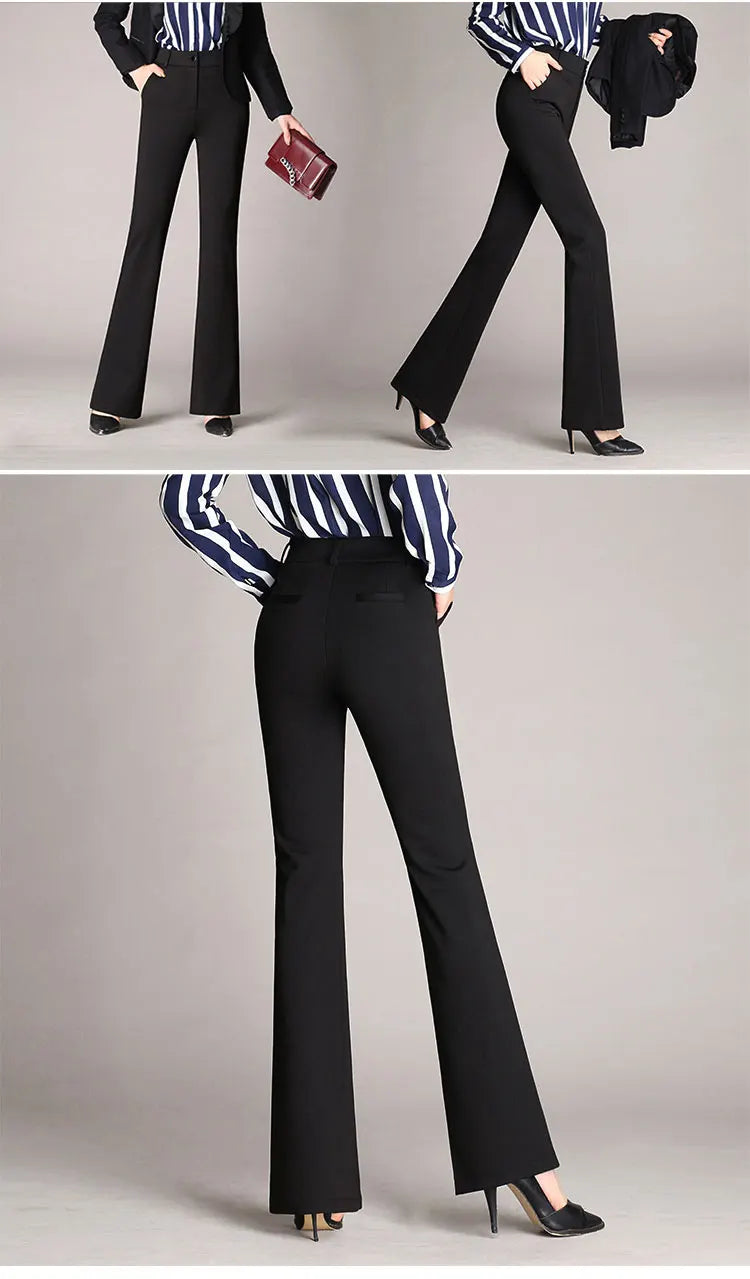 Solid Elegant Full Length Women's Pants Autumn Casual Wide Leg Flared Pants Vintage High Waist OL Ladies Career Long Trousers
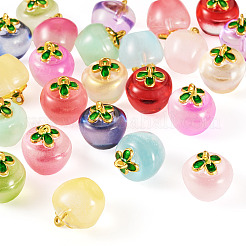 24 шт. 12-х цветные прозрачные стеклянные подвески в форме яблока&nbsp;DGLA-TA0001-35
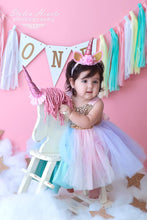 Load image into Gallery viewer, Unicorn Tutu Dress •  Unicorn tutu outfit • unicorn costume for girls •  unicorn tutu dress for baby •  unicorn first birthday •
==
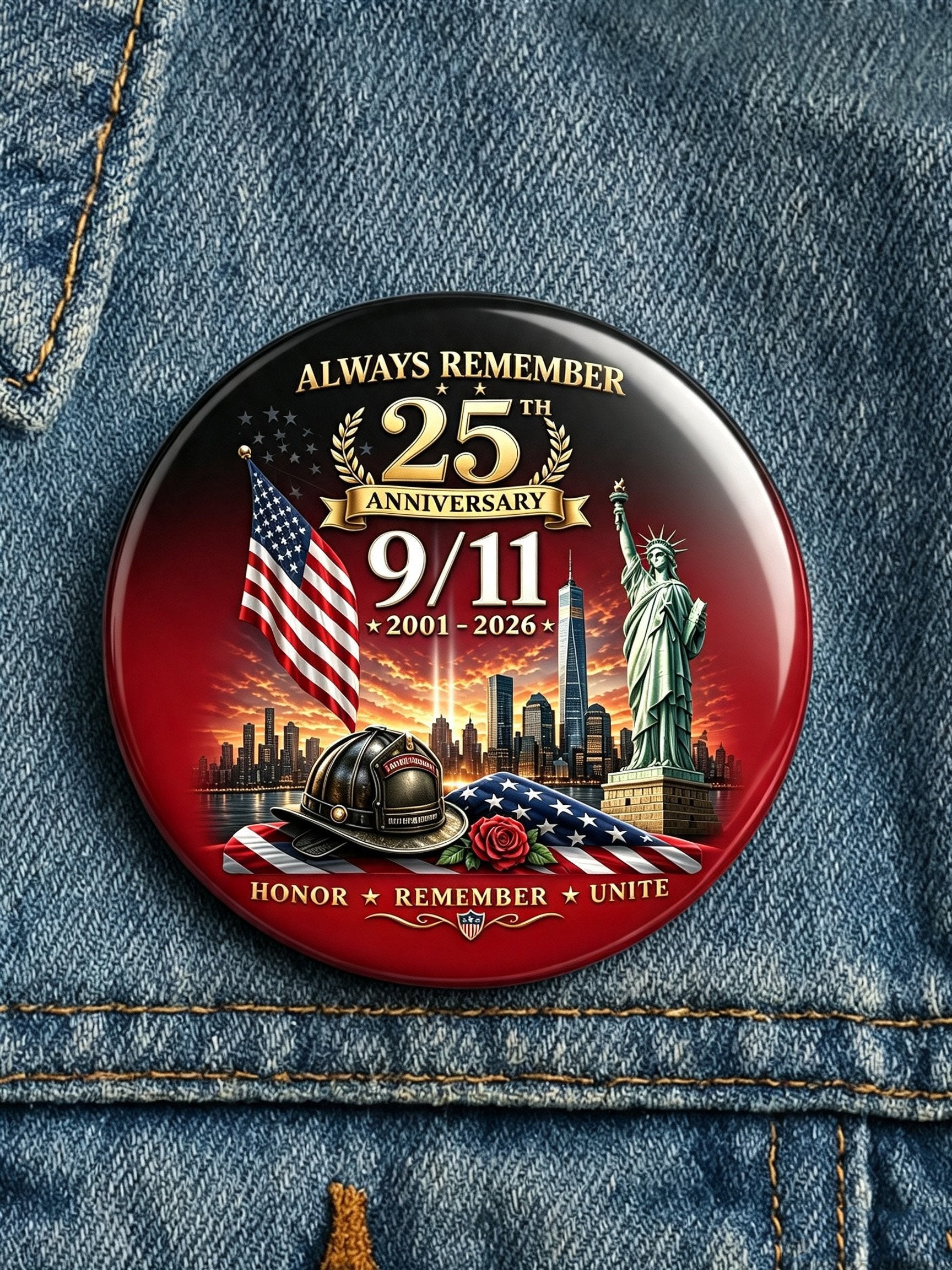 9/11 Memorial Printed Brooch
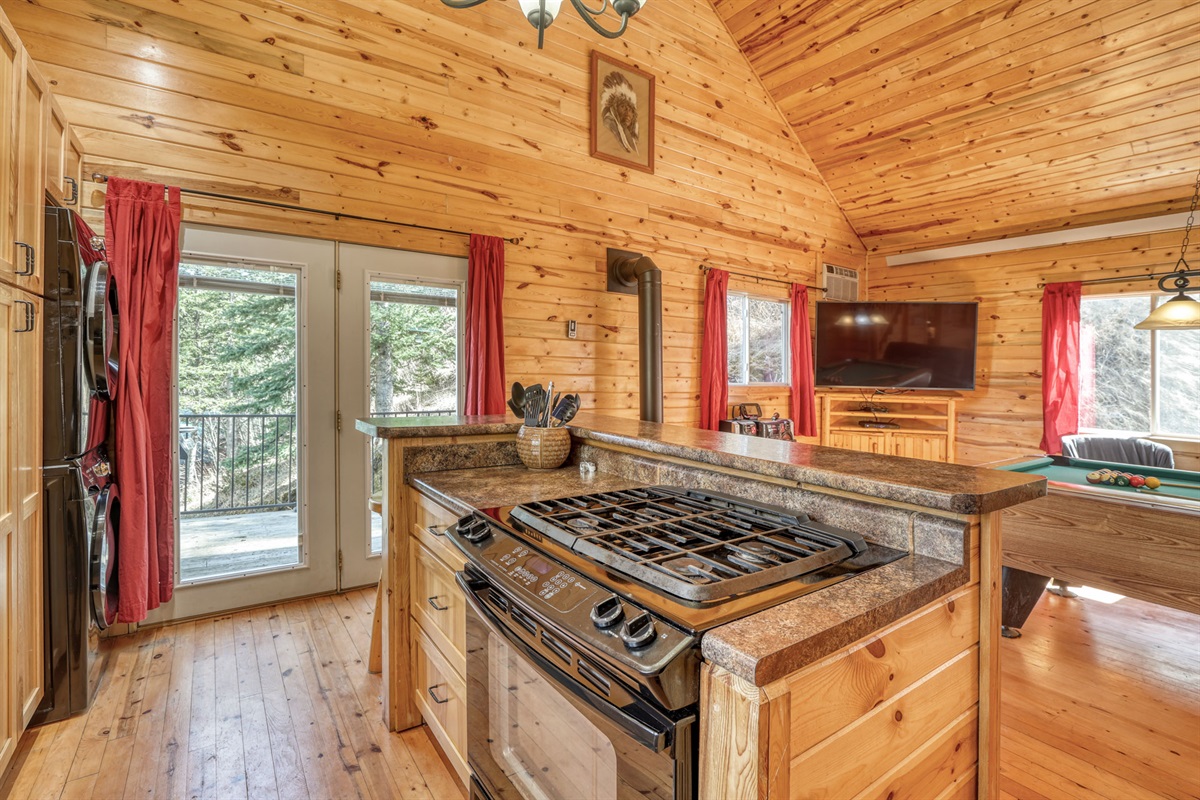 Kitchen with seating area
--
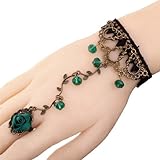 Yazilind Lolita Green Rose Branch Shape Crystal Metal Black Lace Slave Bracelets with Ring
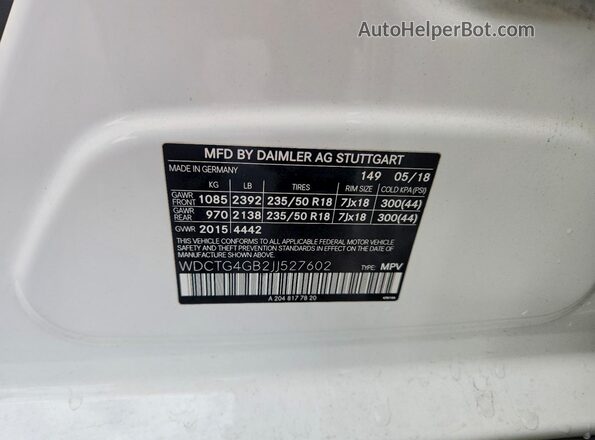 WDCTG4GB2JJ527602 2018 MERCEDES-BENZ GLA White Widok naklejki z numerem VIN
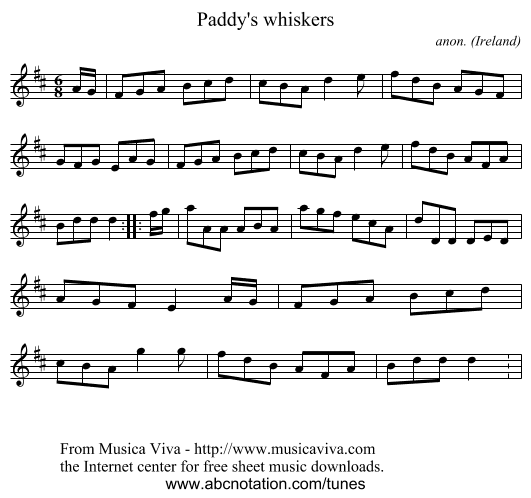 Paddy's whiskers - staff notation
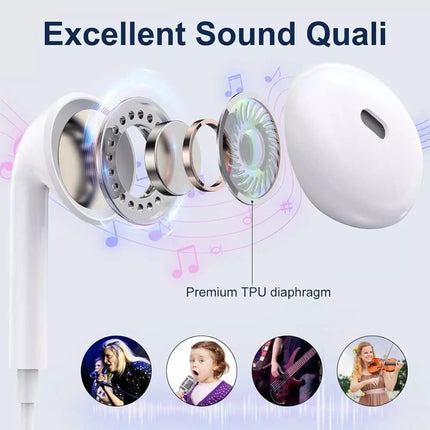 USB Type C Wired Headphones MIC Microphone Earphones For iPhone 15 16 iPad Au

## Instructions for the task
The reply should hold exactly the lines above, starting at the line with "Solid Elegant Full" and ending at the line with "Load image into", and no pictures.

## Solution to this exercise
 Solid Elegant Full Length Women's Pants Autumn Casual Wide Leg Flared Pants Vintage High Waist OL Ladies Career Long Trousers
 24 шт. 12-х цветные прозрачные стеклянные подвески в форме яблока&nbsp;DGLA-TA0001-35
 Load image into Gallery viewer, Unicorn Tutu Dress •  Unicorn tutu outfit • unicorn costume for girls •  unicorn tutu dress for baby •  unicorn first birthday •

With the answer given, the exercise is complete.